Demand for frozen seafood is growing rapidly in Russia backed by health claims on packs, but the dominance of selling from loose remains a big challenge, reports Angela Drujinina.
Russian producer Ledovo has just launched a range of pre-packed frozen seafood under the Salmon brand, including Mix Exotica and Peeled Crawfish Tail products.
Ledovo will supply 320 tons of products in the first three months to be sold in the biggest Moscow supermarkets, in packs of 250, 450 and 900g.
Russia's market for frozen seafood products is growing quickly. In 2005 predicted volume is set to be worth US$1bn, while the market is rising by 20-40 per cent every year. The leading products are cold-water shrimp in the medium and above medium price ranges.
Ledovo said it wanted to draw consumers' attention to seafood products by making them more accessible, particularly those considered as exotic by many Russian families.
However, the market for packaged, frozen seafood remains significantly behind that products sold loose (weighed-out) and market share has even slipped in some places.
For example, last year weighed-out shrimps had an 80 per cent share of the market compared to a 50-50 split between loose and pre-packed in 2002.
Buying products loose also suits all parties: suppliers and retailers have big sales, while the consumer buys a product of a good quality at affordable prices.
Ledovo acknowledged the problem but was adamant that packaged seafood had strong potential. The firm said it would use health claims on packs to lure Russia's increasingly health-conscious consumers.
"Pink shrimps are a rich source of amino acids, vitamin â12 and vitamins A, E and D. Crawfish is an ecologically clean product, which is especially appreciated for its proteins," said Ilya Pershin, Ledovo marketing director.
"Our seafood cocktail, Mix Exotica, is unique on the Russian market. We consider that shrimps and crawfish tails are a wonderful gourmet mix for a consumer who values his/her time and health. We are confident this will be a hit of the season."
Frozen food generally is also gaining credence in Russia. "Three or four years ago, people only bought frozen products irregularly," said Tatyana Matiushina, vice-director of Market marketing agency.
"Now we can talk about the fact that there is a group of frozen products consumers, who regularly consume frozen vegetables, mushrooms and seafood."
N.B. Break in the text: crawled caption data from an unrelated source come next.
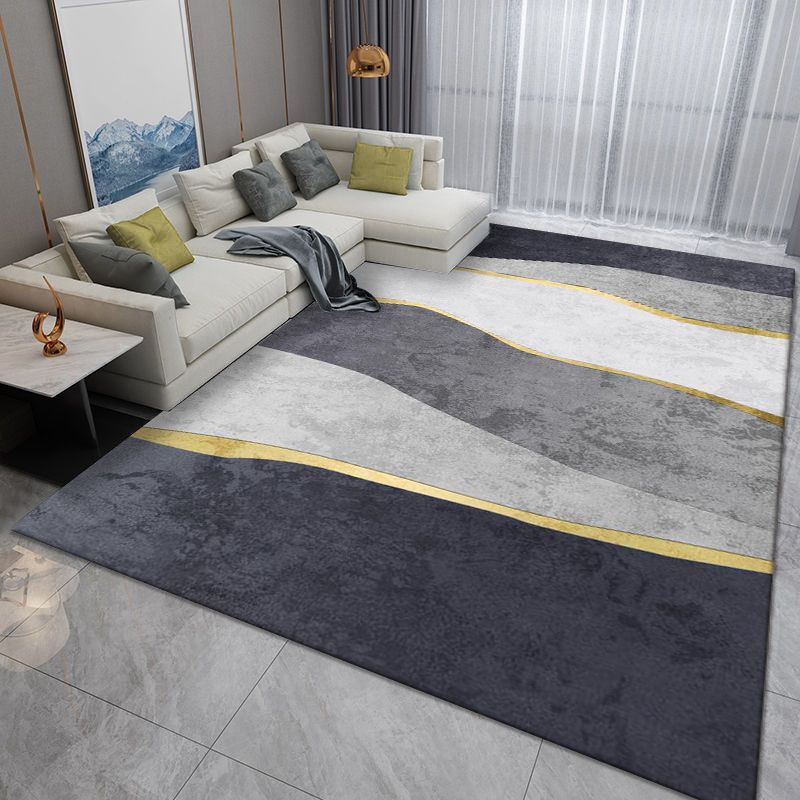 Pink Modern Rug Polyester Irregular Color Lump Rug Washable Rug for Living Room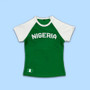 Summer New Y2K Leisure Color Blocked Embroidered Nigeria Letter Green T-Shirt Trend 2026 Women's Clothing Crop Top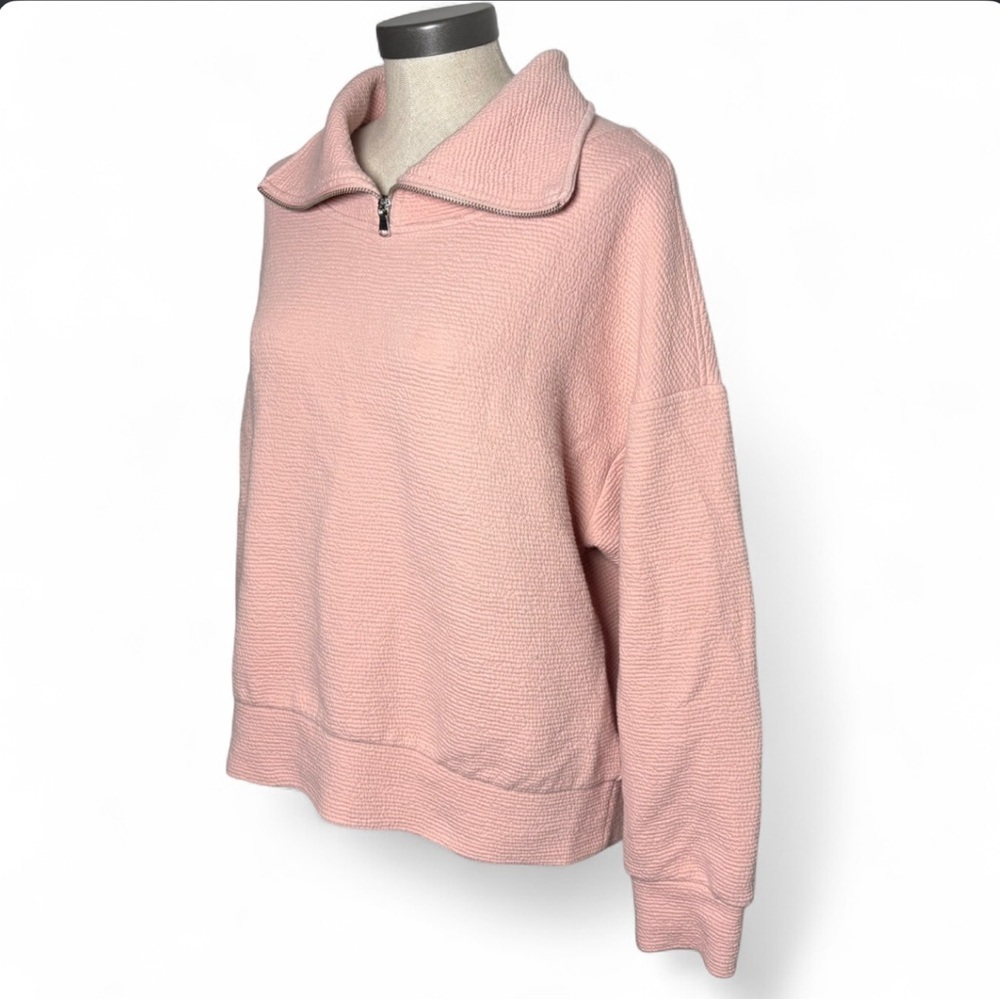 Calia Dusty Pink Quarter Zip Pullover Large Athleisure Cozy - Picture 2 of 7
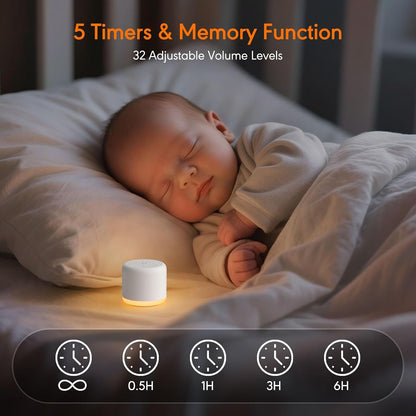 White Noise Machine with Night Light, 18 Soothing Sounds Portable Sound Machine for Baby Adults, Mini Travel Sound Machine for Sleeping with Memory Timer, Office Hotel Gift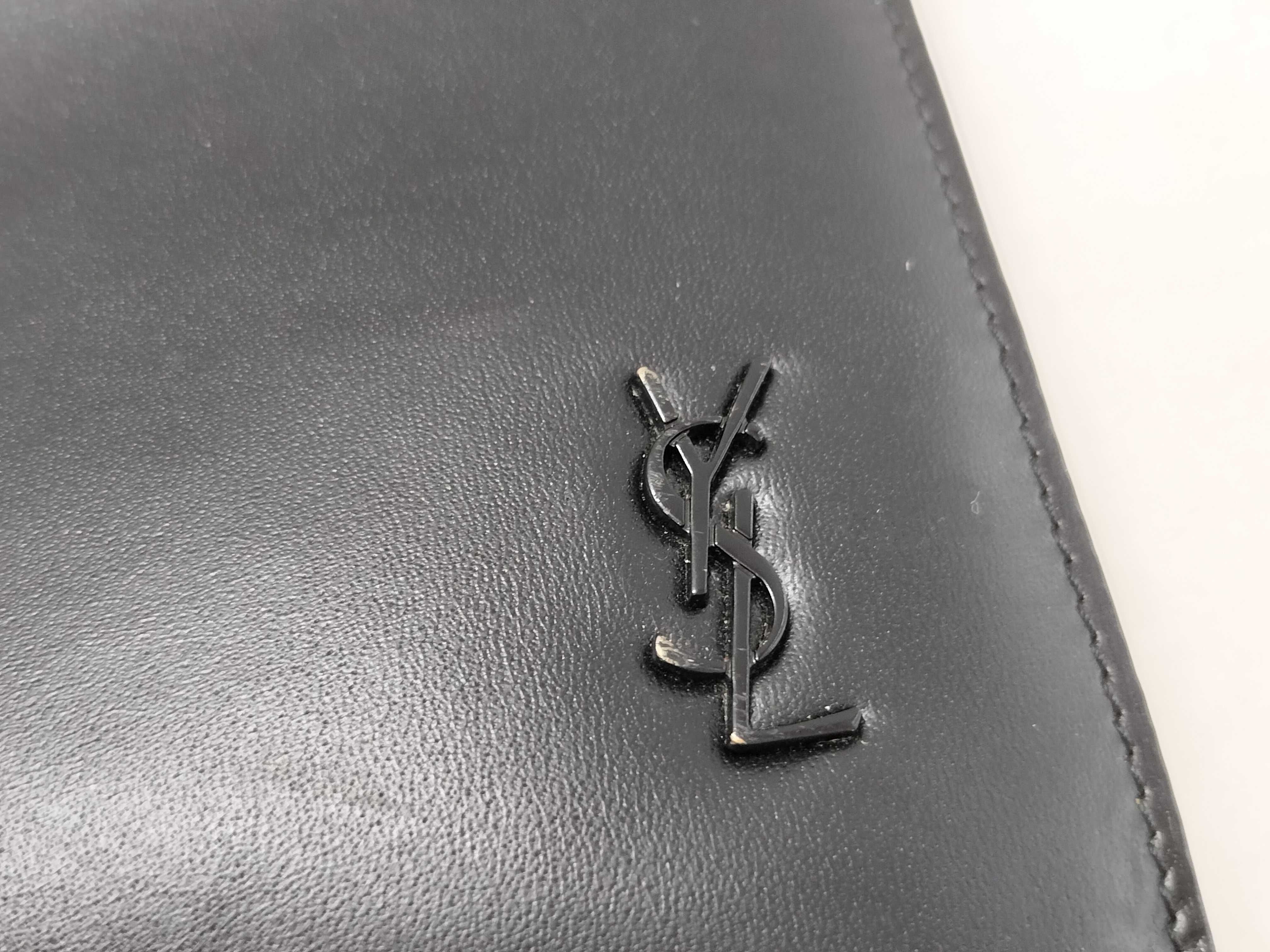 Leather YSL Logo Clutch Bag — view 12
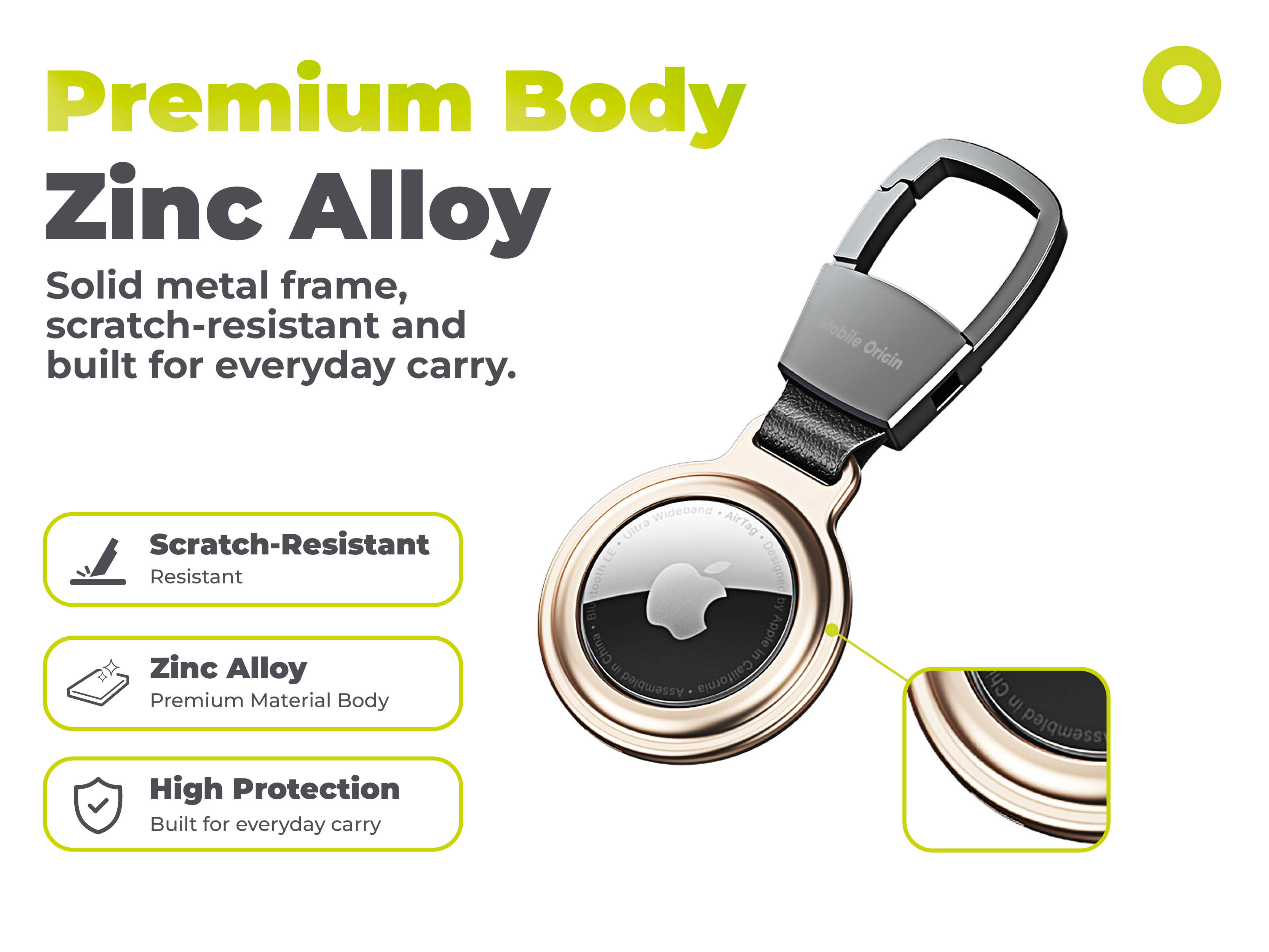 Breloc metalic Mobile Origin AT1 compatibila cu Apple AirTag, Gold 1 Lerato.ro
Ledovo, founded 10 years ago, has tapped in to this market well, and was a leading Russian manufacturer of frozen vegetables, mushrooms and berries in 2004.
The company manufactures about 30 tons of frozen products and 3000 conditional cans of preservatives every day. Total production volume manufactured and sold in 2004 was about 8000 tons.
Different Ledovo products have the following share of their respective Russian markets: preservatives - 90 per cent; shrimps - 35 per cent; peeled sea delicacies - 25 per cent; frozen field mushrooms - 11 per cent; delicacy rice mixture - eight per cent.